GEORGETOWN, TEXAS - As the Coast Guard continues to search for an aircraft in the Gulf of Mexico that was supposed to land at the Georgetown Municipal Airport Wednesday night, friends of the pilot are continuing the rescue mission in his honor.
The pilot was identified as Bill Kinsinger, 55, of Oklahoma City. He was a volunteer for the organization Pilots N Paws, which helps rescue animals nationwide.
Kinsinger was headed to Texas to pick up an 11-year-old husky dog, who has been surrendered in Edinburg, Texas, to the Palm Valley Animal Center. He planned to take the dog back to Oklahoma City, where the dog would then be transferred to Las Vegas for rehabilitation.
We're working with heavy hearts but still hoping #PNP #Pilot Dr. Bill Kinsinger will be found alive. His plane was last seen over the Gulf of Mexico while flying from OKC to TX to pick up a rescue dog. The coast guard is searching for Bill. We need all your prayers! @bethostern pic.twitter.com/H3MRGNJ5kO— Pilots N Paws (@PilotsNPaws) January 5, 2018
Thursday evening, friends transported the dog, named Masaru, to Oklahoma City in Kinsinger's honor.
Justin Blackburn was one of those pilots.
“I kind of felt like we had already committed to it, we needed to do it, especially under the circumstances, in Bill’s honor and memory. We don’t know what happened, but we wanted to do this to kind of remember him and get the dog to a safe place," said Blackburn.
Blackburn planned to transport the dog later in the week, but said Kinsinger volunteered.
“In Bill’s always volunteering happy way ... they had a vet tech in Oklahoma City who could see the dog, so he agreed to come down yesterday and pick up the dog and take it to Oklahoma City,” said Blackburn.
According to Blackburn, they had met up a few times to transfer dogs through the program. He described Kinsinger as charismatic.
"Super funny, gregarious. I just remember him being really happy and fun to talk to and a good guy,” said Blackburn.
He couldn't believe when he heard what happened.

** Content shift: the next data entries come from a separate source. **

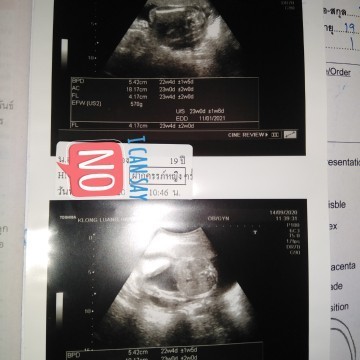 ดูรูปอัลตราซาวนด์ไม่เป็นค่ะ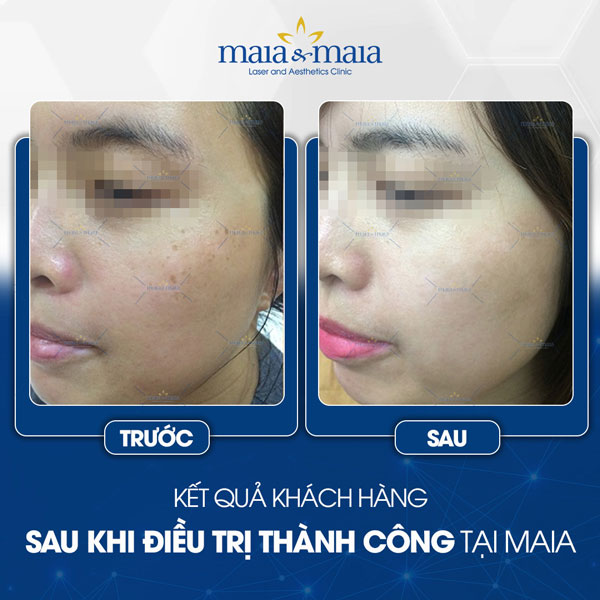 khách trị đốm tàn nhang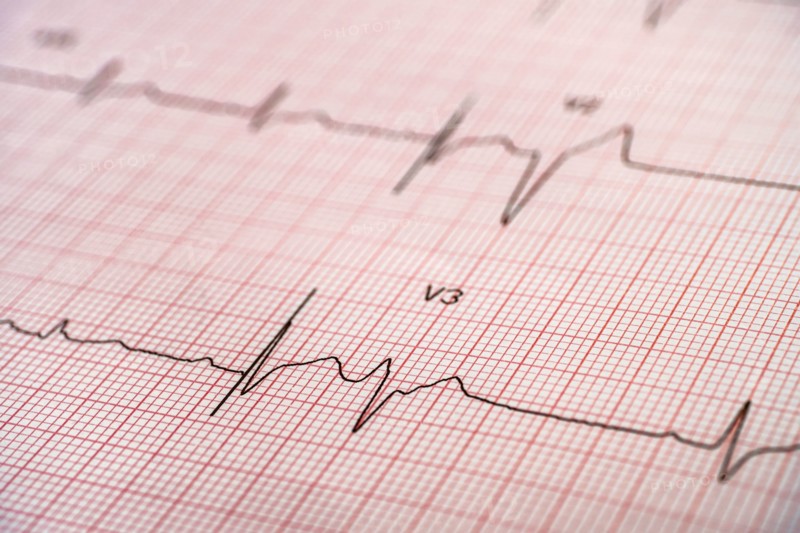 Electrocardiogram on red graph paper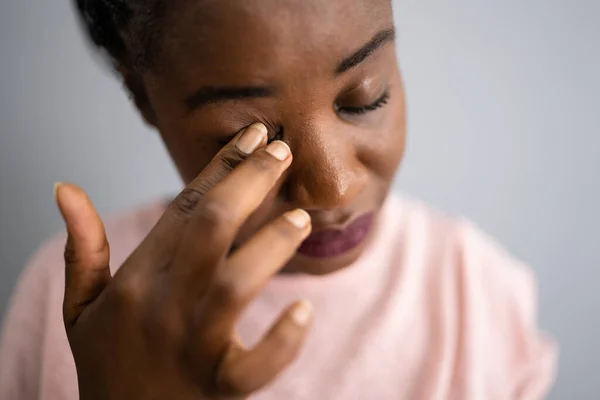 Οφθαλμικός Πόνος Και Συμπτώματα Σπασμού Κορίτσι Πρόσωπο Φαγούρα — Φωτογραφία Αρχείου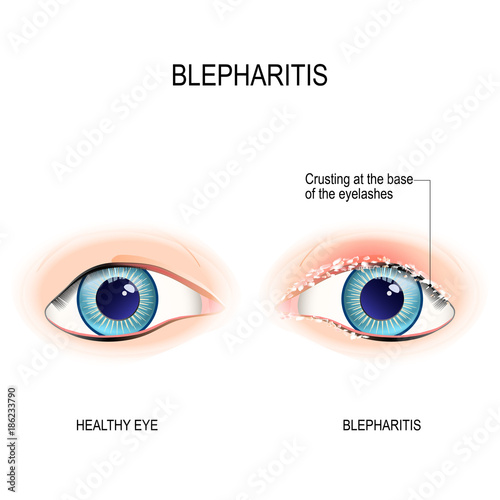 Eyes of human. Blepharitis. Crusting at the eyelid margins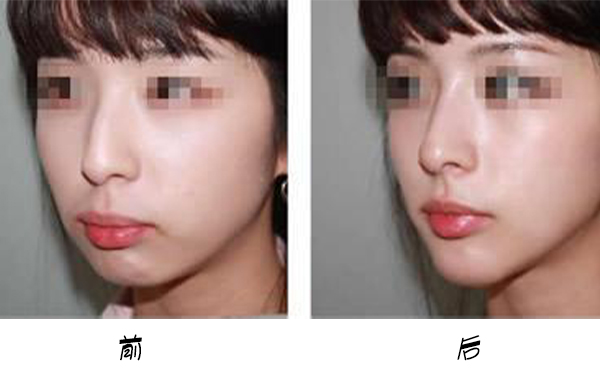 箭鼻是怎么出現(xiàn)的?箭鼻矯正是如何操作的？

“Just what a terrible situation, I mean I’m not going to speculate, I can guess a few things that are just purely guesses, but anytime you’re out over a huge body of water in a single engine plane and you have limited fuel, that’s a tough scenario to have a happy ending to," said Blackburn.
Instead of landing in Georgetown Wednesday night, according to the FAA, the plane continued on the same course and didn’t answer air traffic control instructions.
According to the FAA, the Cirrus S22T aircraft left the Wiley Post Airport in Oklahoma City Wednesday afternoon. By Wednesday evening, the Coast Guard got a report saying the pilot was unresponsive, likely due to lack of oxygen. The Naval Air Station in New Orleans sent a crew to look for the plane. They apparently saw the pilot slouched over.
Thursday, the Coast Guard said the plane was last seen about 118 nautical miles north of the Yucatan Peninsula.
The Georgetown Municipal Airport manager told KVUE they never had contact with the pilot, saying they usually don’t hear from a pilot until they’re ready to land at the facility.
According to Anchors Up Rescue Group, the husky will be transported to them in Las Vegas for rehabilitation.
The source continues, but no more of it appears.